私は掌に乗っているそれをそっと制服のポケットに入れて、机に突っ伏した。



途端、“部屋”に新しい客が走り込んできた。



「ひいちゃん、何、今の!!何!?」



美奈だ。いつものメンバーのうちの1人。足も腕も細くて、小顔で、何より仕草がかわいい。
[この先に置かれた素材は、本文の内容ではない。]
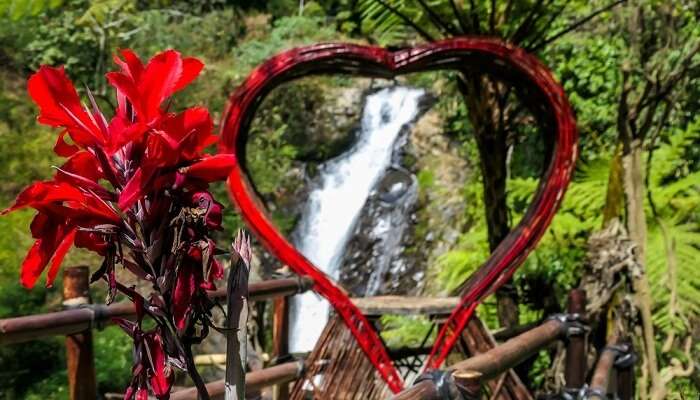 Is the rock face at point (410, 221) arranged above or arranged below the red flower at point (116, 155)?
below

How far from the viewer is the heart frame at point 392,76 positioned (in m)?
2.29

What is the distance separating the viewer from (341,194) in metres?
8.03

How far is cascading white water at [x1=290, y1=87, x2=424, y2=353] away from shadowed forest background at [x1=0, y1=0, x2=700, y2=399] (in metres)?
0.17

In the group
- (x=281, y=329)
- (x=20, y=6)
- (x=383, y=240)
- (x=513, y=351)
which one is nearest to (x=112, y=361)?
(x=281, y=329)

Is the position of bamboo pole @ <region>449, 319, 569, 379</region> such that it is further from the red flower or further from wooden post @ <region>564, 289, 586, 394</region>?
the red flower

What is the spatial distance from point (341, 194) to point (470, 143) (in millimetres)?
1685

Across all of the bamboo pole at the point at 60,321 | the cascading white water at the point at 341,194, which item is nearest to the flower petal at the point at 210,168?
the bamboo pole at the point at 60,321

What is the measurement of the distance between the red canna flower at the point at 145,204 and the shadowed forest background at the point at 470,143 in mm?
84

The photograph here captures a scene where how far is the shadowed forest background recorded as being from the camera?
2.88 metres

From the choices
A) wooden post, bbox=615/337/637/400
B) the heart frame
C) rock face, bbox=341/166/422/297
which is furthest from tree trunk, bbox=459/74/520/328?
rock face, bbox=341/166/422/297

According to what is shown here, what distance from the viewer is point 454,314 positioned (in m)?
2.35

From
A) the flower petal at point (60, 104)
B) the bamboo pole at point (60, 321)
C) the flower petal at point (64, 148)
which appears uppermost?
the flower petal at point (60, 104)

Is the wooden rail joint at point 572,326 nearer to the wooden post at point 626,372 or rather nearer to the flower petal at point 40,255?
the wooden post at point 626,372

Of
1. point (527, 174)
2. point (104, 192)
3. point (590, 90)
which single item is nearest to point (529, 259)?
point (527, 174) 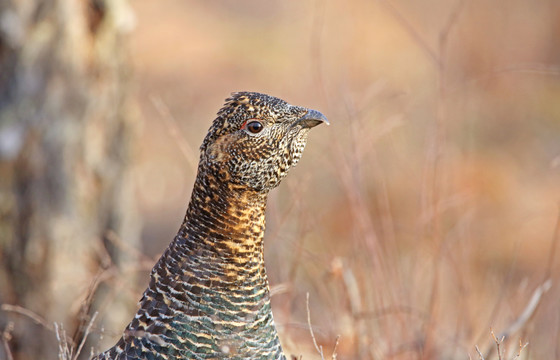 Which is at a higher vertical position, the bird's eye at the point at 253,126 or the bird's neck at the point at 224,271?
the bird's eye at the point at 253,126

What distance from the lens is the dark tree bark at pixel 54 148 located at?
499cm

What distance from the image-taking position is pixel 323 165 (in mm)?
11719

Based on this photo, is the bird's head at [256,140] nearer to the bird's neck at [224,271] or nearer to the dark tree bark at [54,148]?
the bird's neck at [224,271]

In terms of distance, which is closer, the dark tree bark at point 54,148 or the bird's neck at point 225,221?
the bird's neck at point 225,221

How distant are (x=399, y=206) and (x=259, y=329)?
8.87m

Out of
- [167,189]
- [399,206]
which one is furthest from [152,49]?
[399,206]

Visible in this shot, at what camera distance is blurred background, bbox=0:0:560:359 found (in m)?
4.38

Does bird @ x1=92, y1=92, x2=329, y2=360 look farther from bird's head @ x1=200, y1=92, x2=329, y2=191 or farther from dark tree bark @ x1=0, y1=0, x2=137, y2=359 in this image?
dark tree bark @ x1=0, y1=0, x2=137, y2=359

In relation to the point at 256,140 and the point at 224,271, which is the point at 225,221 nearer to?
the point at 224,271

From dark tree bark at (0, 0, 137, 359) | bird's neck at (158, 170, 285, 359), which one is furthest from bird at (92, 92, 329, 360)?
dark tree bark at (0, 0, 137, 359)

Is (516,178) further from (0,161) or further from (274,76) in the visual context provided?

ミーハーなところもあって、新しい物や恋の話にはすぐに食いついてくる。



「美奈、うるさい。しーーっ」



もし加賀に聞かれていたらと思うと何故か恥ずかしくなり、美奈をなだめた。



「こんな密室にこの距離感、ねえ、2人で何してたの?」



美奈が私に顔を近づけて聞いてくる。



しゃがんで私を見上げる仕草は、天使級。



「何もしてないって。ちょっと愚痴聞いてもらってただけだよ。」



「ふぅん?でも、顔、赤くなってるよ」



美奈はそれだけ言うと、ぴょこんと立ち上がって“部屋”から出て行った。







『顔、赤くなってるよ』






顔、赤く……………………






なってるよ…………………?







「わあああああああ、そんなんじゃない、違うから!おかしい、おかしい!」



私はカーテンに包まってひとり悶えていた。





この気持ちは








なに?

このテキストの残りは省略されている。